CBL’s Deputy Governor for Operations, Charles E. Sirleaf, in his letter to the Chief Executive Officer (CEO) of PPCC, James Dorbor Jallah, said the CBL is excluded from entities that are made subject to the requirement of Public Finance Management Act of 2009 and even the PPCC Act Part I Section 2 (49) recognizes the CBL as the monetary authority responsible to formulate and implement monetary policy.
“In view of the aforementioned, we regret to inform you that the CBL cannot honor your request for an audit engagement meeting with the Senior Management of the Bank on Thursday, July 30, 2015,” Deputy Governor Sirleaf wrote.
The CBL’s letter was contained in a ‘dossier’ attached to a written communication to the House of Representatives by the PPCC over the alleged non-compliance posture of the CBL to be audited – but which said it cannot be audited unless by itself.
On May 4, 2015, the House of Representatives wrote the PPCC to conduct a comprehensive audit on compliance and performance of the CBL covering fiscal years 2010/2011 to 2013/2014.
“The CBL informed the Commission that it could not honor our request for an audit engagement meeting with the senior management team,” Jallah’s letter to the House read.
“The Commission wants to inform the body that it has been engaged with the Central Bank [of Liberia] since 2010 regarding its non-compliance with the provisions of the PPCC Act of 2010, but the CBL persistently failed to subject itself to the applicability of the PPCA,” the letter further explained.
The PPCC’s law recognizes the CBL as the monetary authority responsible to formulate and implement monetary policy, but allows for the auditing of the Bank.
The PPCA of 2010 however states that the Act shall not apply to ‘agreements executed’ by the Central Bank of Liberia relating to the implementation of monetary policy or procurement related to the production of coins or currency.
The law states that agreements relating to the general administration of the CBL will not be excluded from the application of the Act, including but without limitation to procurement of general stores, stationery, office equipment or vehicles.

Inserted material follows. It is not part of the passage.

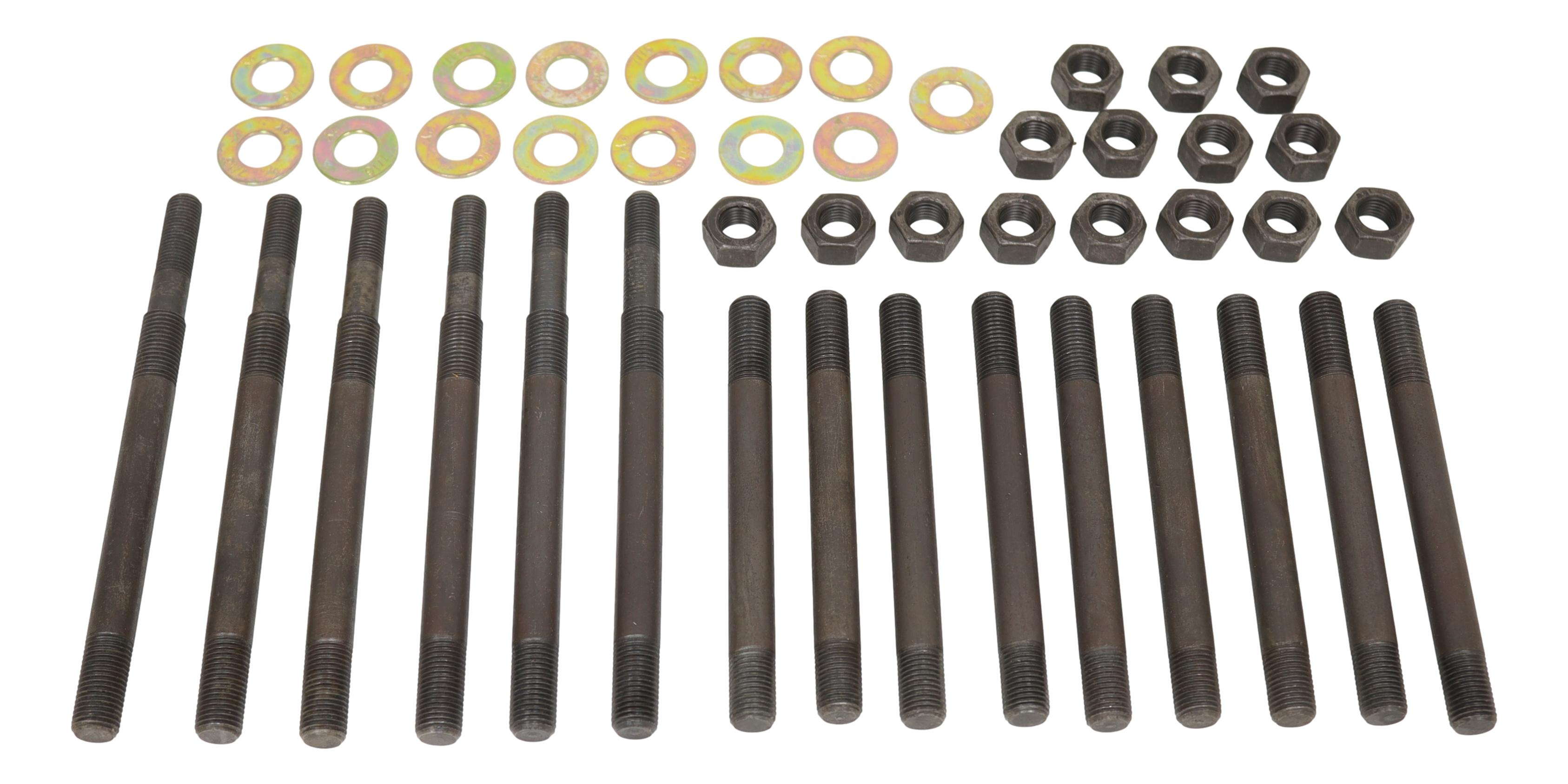 Head Stud Kit, Massey Ferguson 35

The PPCC boss in his letter said that the Ministry of Justice was in support of the CBL being audited in acquiescence with the PPCC Act.
Meanwhile, CBL Governor Dr. J. Mill Jones maintains that the CBL was established by rules and procedures in consultation with internationally reputable auditors, which are strictly adhered to by the management of the Bank.
He said the Board of Governors has an Audit Committee which has direct oversight responsibility, concerning expenses and procurement and reports to the full Board. The audit of the financial statements of the CBL is enshrined in the CBL Act of 1999 and is conducted every year.
But the opinion of the Minister of Justice and Attorney-General is that, “while the CBL’s claims of functional independence and unique circumstances are relevant vis-à-vis its functions of monetary policy and currency production, they are simply unavailing when used as a shield against a law which expressly considered same, and applies to a number of other functional independent and autonomous entities.”
Hence he (Minister of Justice) advised that the CBL bring itself into compliance with the PPCA and PPCC.